If we want to count the steps it depends on precisely what we list as a step. If we only think we are doing 1 step when adding and carrying for each place value then we are performing \(n\) steps. If we think of each addition and carrying step as a separate step then we do \(3n\) steps. However in either case we say the algorithm is \(O(n)\).
Example 8.4 (Multiplication) Now suppose we think about multiplication using the long multiplication algorithm then for two \(n\) digit numbers we need to multiply \(a_k\) by \(b_j\) for each \(k, j\) (which is \(n^2\) steps) and then perform \(n^2\) addition steps of what are effectively at most two digit numbers. So this algorithm is O(n^2).
There are multiplication algorithms that are much faster but they are all worse than \(O(n)\).
Example 8.5 (Checking divisibility) Division is no worse than multiplication. The algorithms are a bit more complicated to state. In general division algorithms are also \(O(n^2)\).

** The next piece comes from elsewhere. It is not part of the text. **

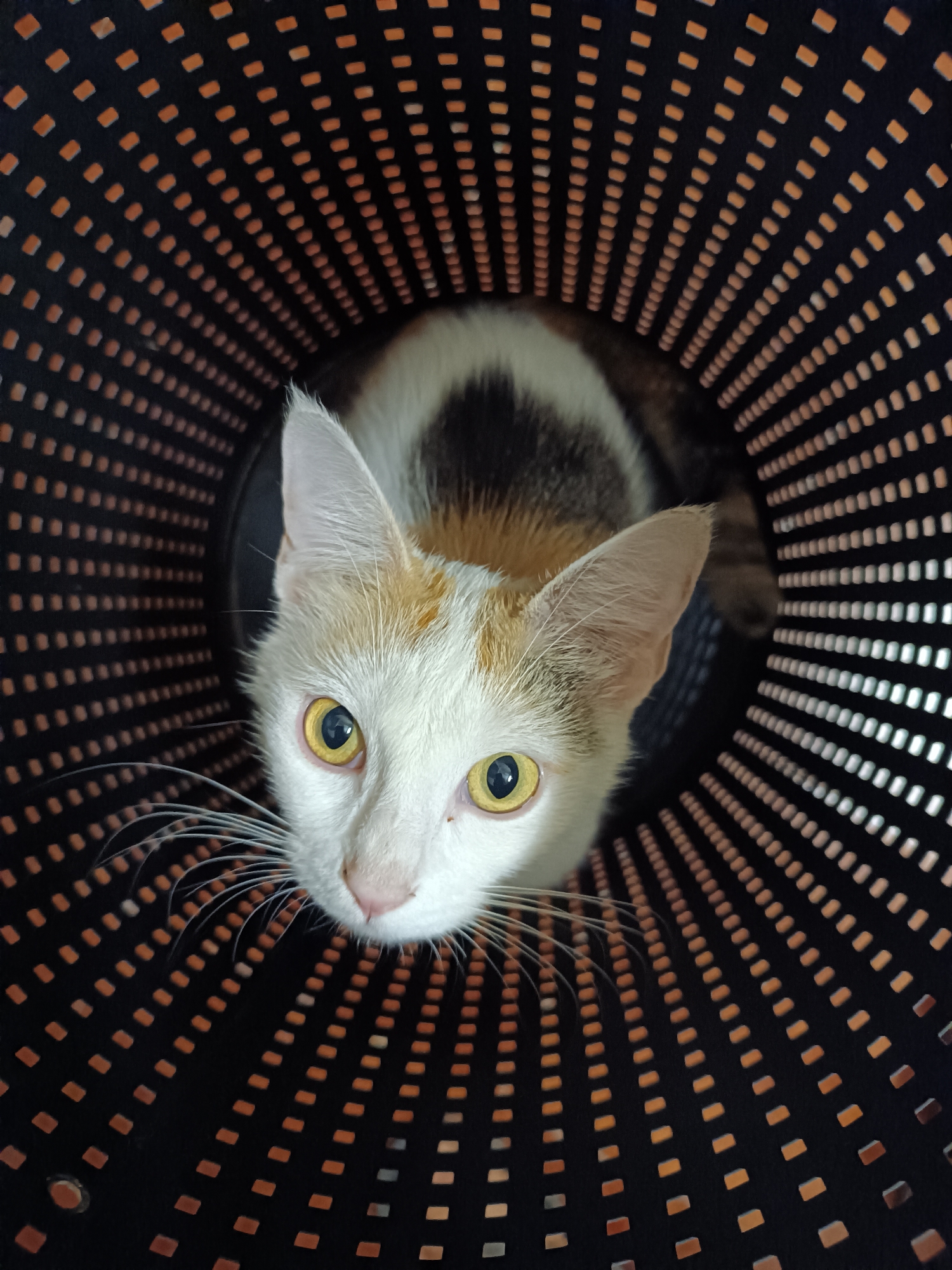 Calico cat photographed in basket in Viadana, Italy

If we want to see whether an \(n\) digit number is divisible by an \(m\) digit number then we can do this by repeated subtraction of the \(m\) digit numbers and multiples of it by \(10\). Each subtraction step is \(O(m)\) and we need to do at most \(O(n)\) of them so the algorithm is \(O(n^2)\).
We can also divide one number by the other and get some truncated decimal expansion by using Newton’s method which you may have learnt at school.

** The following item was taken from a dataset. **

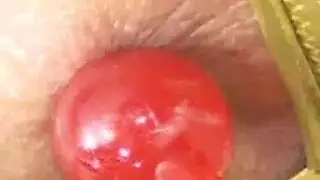 صور بنات شيشان جنس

Example 8.6 (Naive primality testing) Suppose we want to test whether a number \(n\) is prime. The most obvious way to do this is to check whether we can find any other \(m \neq n\) such that \(m|n\). We notice here that we only need to check \(m \leq \sqrt{n}\) as if \(ab=n\) then one of \(a, b\) must be smaller than \(sqrt{n}\). If we suppose it is one step to check whether \(n\) is divisible by \(m\). Now each division operation is a check and the number of digits in \(n\) is around \(\log_{10}(n)\) so if we are interested in testing an \(N\) digit number to see if its prime we need around \(10^{N/2}N^2\) operations so the algorithm is \(O(10^{N/2} N^2)\).
Remark. Notice in all of these examples we are using our understanding of the complexity of less complicated operations to find the complexity of more complicated operations.
Definition 8.3 (Fibonacci Numbers) The Fibonacci numbers are defined by \[ f(k+2) = f(k+1 ) + f(k), \] and \(f(0)=f(1)=1\).
We discover that if we want to count how many steps Euclid’s algorithm takes then the Fibonacci numbers appear.
Theorem 8.1 (Complexity of Euclid's Algorithm) If \(a>b\) and Euclid’s algorithm takes \(k\) steps to complete then \(a \geq f(k+2)\) and \(b \geq f(k+1)\).
Proof. We prove this by induction on \(k\).
In the base case if the algorithm takes \(1\) step then we must have \(b\geq 1=f(2)\) and \(a>b\) so \(a \geq 2 = f(3)\).
Now we assume it is true for \(k-1\) steps. Then suppose we have \(a,b\) which need \(k\) steps for Euclid’s algorithm. Then \(a=qb +r\) and \(b,r\) need \(k-1\) steps for Euclid’s algorithm. So by our induction hypothesis we know that \(b\geq f(k+1), r \geq f(k)\). Then \(a = qb +r \geq b +r \geq f(k) + f(k+1) = f(k+2)\).
Remark. The above theorem means that the Fibonacci numbers represent the worst case for Euclid’s algorithm. i.e. \(f(k+2), f(k+1)\) are the smallest numbers that will need \(k\) steps to complete Euclid’s algorithm for.
We can show that for \(k\) large \(f(k) \approx \frac{1}{\sqrt{5}} \left(\frac{1+\sqrt{5}}{2}\right)^k\) so \(k \approx \log(f(k))/\log((1+\sqrt{5})/2)\). Therfore the complexity of Euclid’s algorithm when the larger number is \(n\) is \(O(\log(n))\).
Definition 8.4 (polynomial time) We say that an algorithm takes polynomial time if the complexity is \(O(n^k)\) for some \(k\) (in the input size \(n\)).
Remark. Problems where there is no known polynomial time algorithm are considered very hard for computers to do. These provide a good oportunity for creating codes and encryptions which are hard to break.